Based on RNA-seq for mRNA, bioinformatics analysis was performed to predict potential mRNAs downstream of miR-371a-5p. The results indicated that seven mRNAs, which included ERBB3, ATP8B1, KAT6A, FKTN, UCHL5, NUF2 and RPS6KA3, might be targeted by miR-371a-5p. We performed qRT-PCR to confirm the data obtained by RNA-seq (Fig. 5a). Then, we focused on ERBB3, which is the recognized bypass membrane protein of the EGFR signaling pathway. The binding sites between miR-371a-5p and the ERBB3 3′ UTR were predicted by TargetScan and RNAhybrid, only three of which are displayed in Fig. 5b. MiR-371a-5p mimics, but not NC, repressed the activity of the ERBB3 3′ UTR reporter constructs, as seen in dual-luciferase reporter assays (Fig. 5c). The results demonstrated that ERBB3 was a direct target gene of miR-371a-5p. Subsequently, we carried out a rescue experiment to determine whether CRART16 modulates ERBB3 expression in CRC cells via miR-371a-5p. Caco-2-CRART16 cells were transiently transfected with miR-371a-5p mimics. Two days after transient transfection, ERBB3 mRNA levels were quantified by qRT-PCR. As illustrated in Fig. 5d, miR-371a-5p mimics caused the downregulation of ERBB3 in Caco-2-CRART16 cells. The ERBB3 protein level was assessed by flow cytometry 72 h after transient transfection and also changed concurrently with the mRNA levels (Fig. 5e). Based on these results, we demonstrated that CRART16 upregulated ERBB3 expression in a miR-371a-5p-dependent manner.

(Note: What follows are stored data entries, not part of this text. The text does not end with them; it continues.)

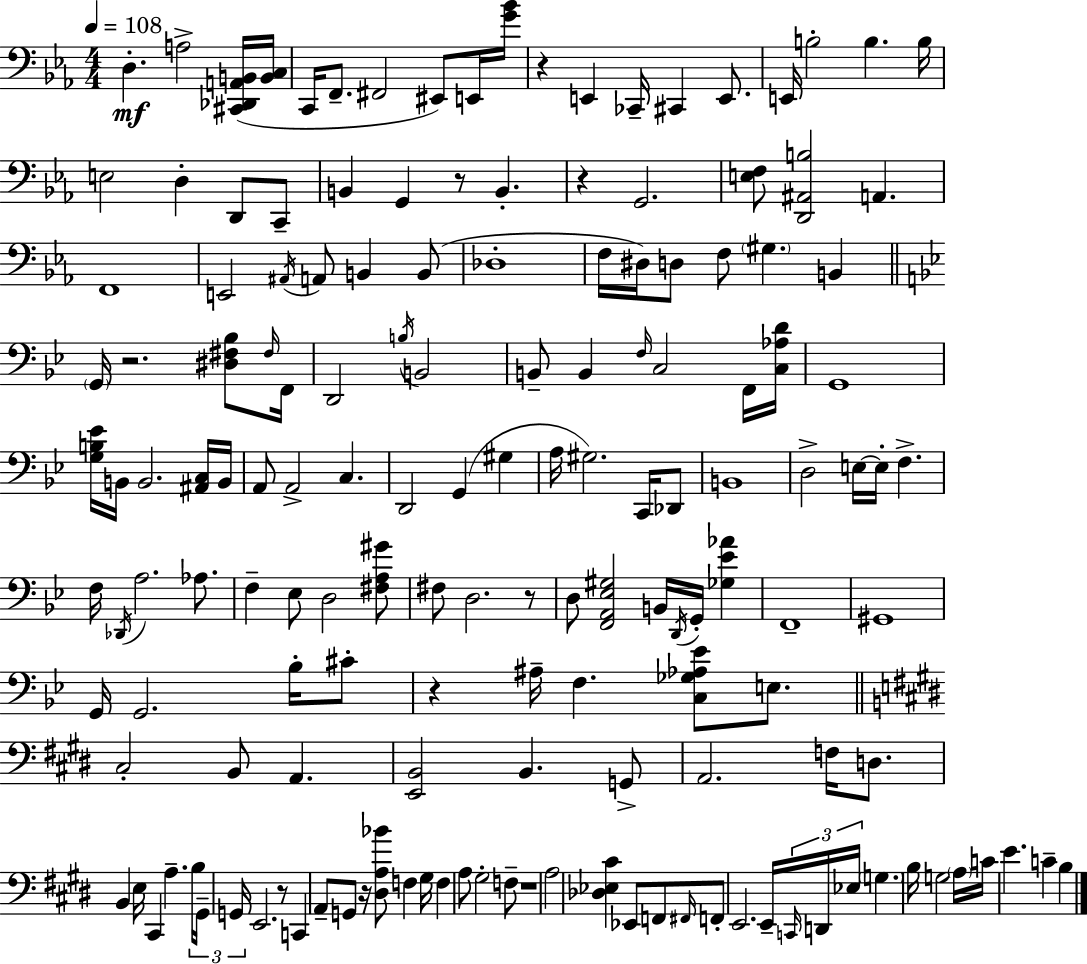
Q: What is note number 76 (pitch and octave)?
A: D3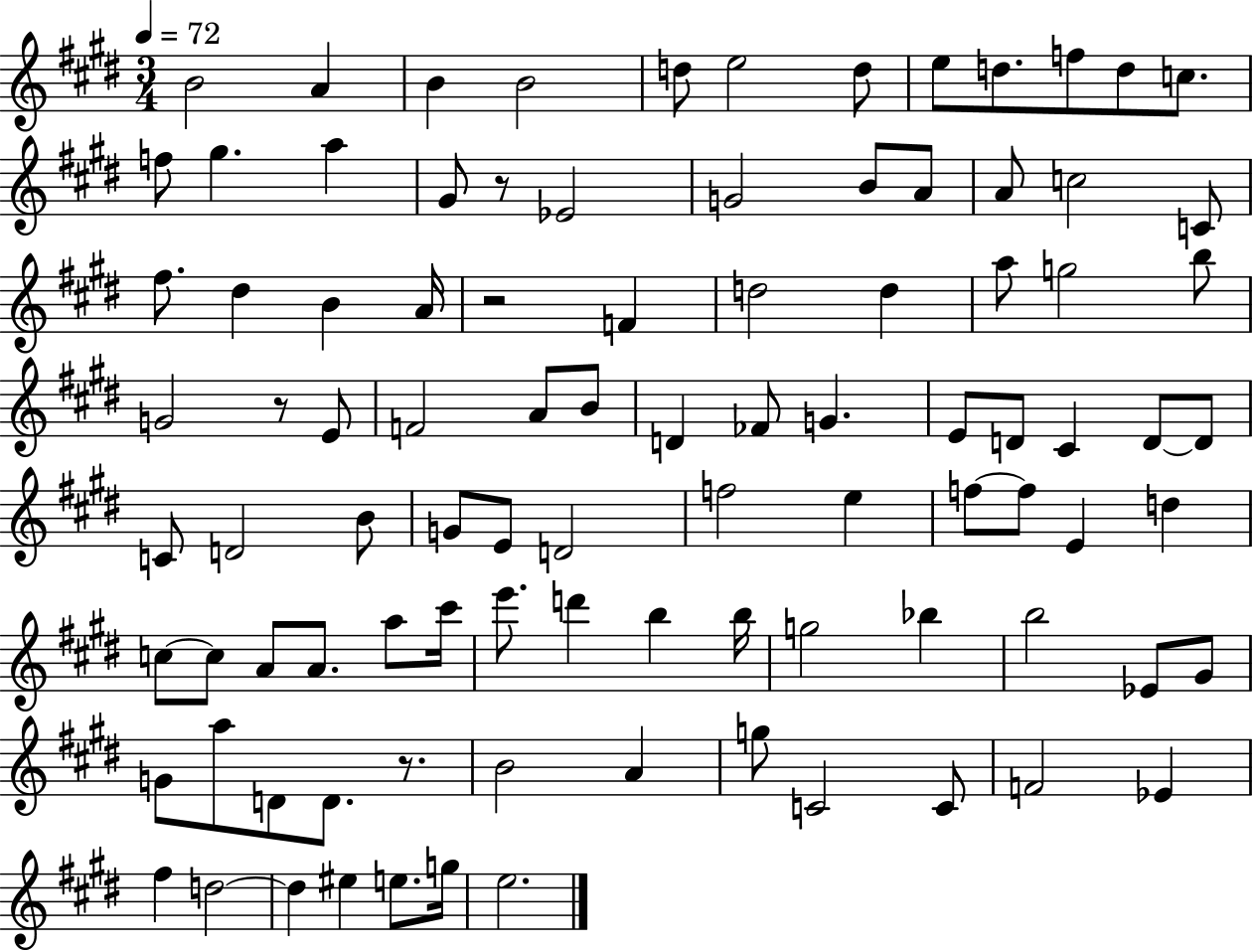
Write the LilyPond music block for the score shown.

{
  \clef treble
  \numericTimeSignature
  \time 3/4
  \key e \major
  \tempo 4 = 72
  b'2 a'4 | b'4 b'2 | d''8 e''2 d''8 | e''8 d''8. f''8 d''8 c''8. | \break f''8 gis''4. a''4 | gis'8 r8 ees'2 | g'2 b'8 a'8 | a'8 c''2 c'8 | \break fis''8. dis''4 b'4 a'16 | r2 f'4 | d''2 d''4 | a''8 g''2 b''8 | \break g'2 r8 e'8 | f'2 a'8 b'8 | d'4 fes'8 g'4. | e'8 d'8 cis'4 d'8~~ d'8 | \break c'8 d'2 b'8 | g'8 e'8 d'2 | f''2 e''4 | f''8~~ f''8 e'4 d''4 | \break c''8~~ c''8 a'8 a'8. a''8 cis'''16 | e'''8. d'''4 b''4 b''16 | g''2 bes''4 | b''2 ees'8 gis'8 | \break g'8 a''8 d'8 d'8. r8. | b'2 a'4 | g''8 c'2 c'8 | f'2 ees'4 | \break fis''4 d''2~~ | d''4 eis''4 e''8. g''16 | e''2. | \bar "|."
}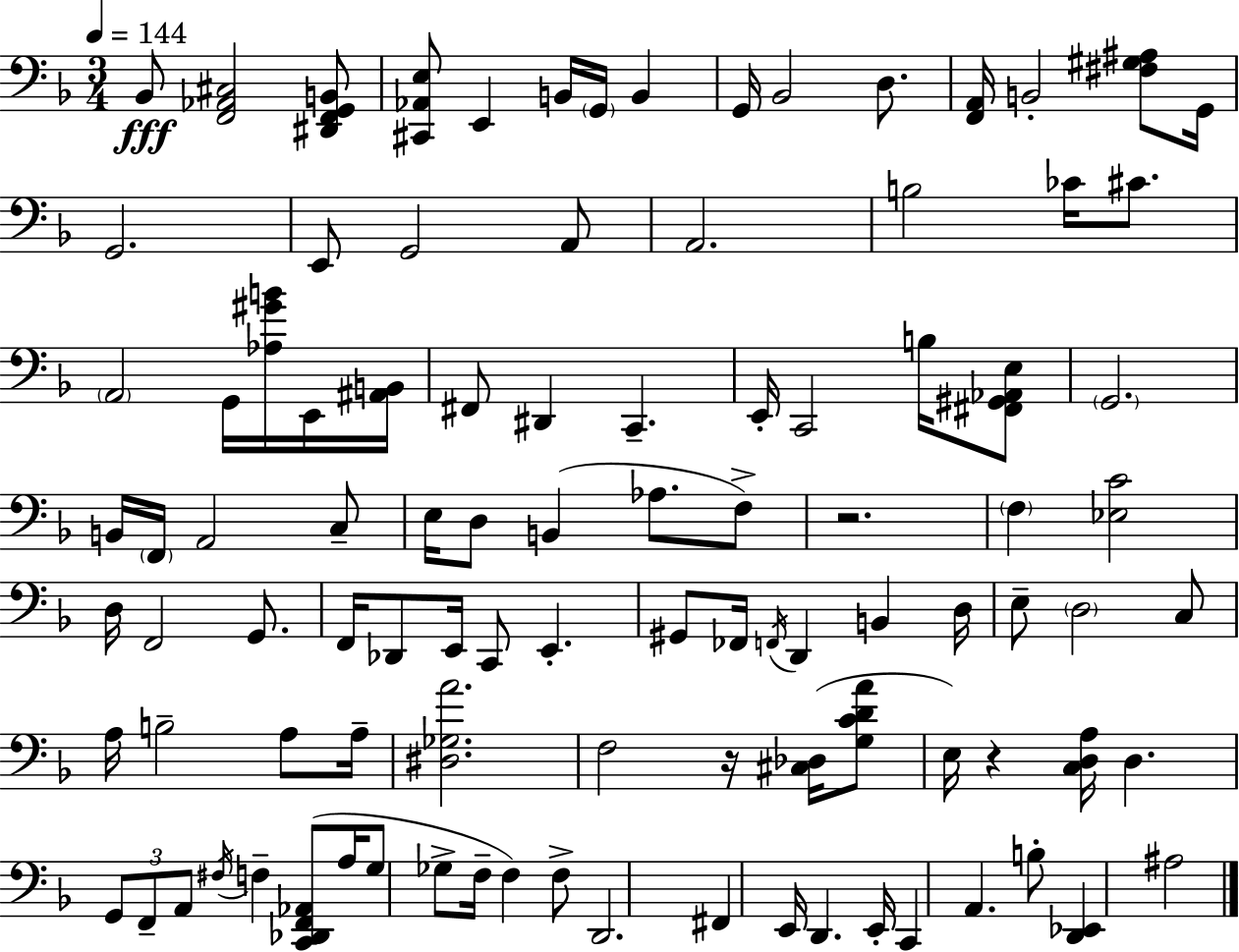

RNA-seq was further performed to identify the potential signaling pathways underlying the effect of CRART16 in both the Caco-2-NC and Caco-2-CRAR16 cell lines. DEGs were defined as genes with > 2-fold differences and an adjusted P value (padj) < 0.005. Gene Ontology (GO) enrichment analysis and Kyoto Encyclopedia of Genes and Genomes (KEGG) pathway analysis were annotated by ClusterProfiler. GO analysis consists of biological process (BP), molecular function (MF) and cellular component (CC) (Additional file 3: Figure S3a, b). KEGG analysis was performed to identify significantly different pathways between Caco-2-CRART16 and Caco-2-NC cells. As shown in Additional file 3: Figure S3c, we found that the MAPK signaling pathway and ErbB signaling pathway were two differentially enriched pathways. Therefore, we hypothesized that CRART16 might confer cetuximab resistance though the MAPK signaling pathway, which is downstream of EGFR and ERBB3. In addition, DEGs were more strongly related to CRC and EGFR tyrosine kinase inhibitor (TKI) resistance, and these results confirmed the effect of CRART16 on cetuximab resistance. Moreover, the DEGs involved in the four pathways showed a close correlation based on protein–protein interaction (PPI) mapping (Additional file 3: Figure S3d).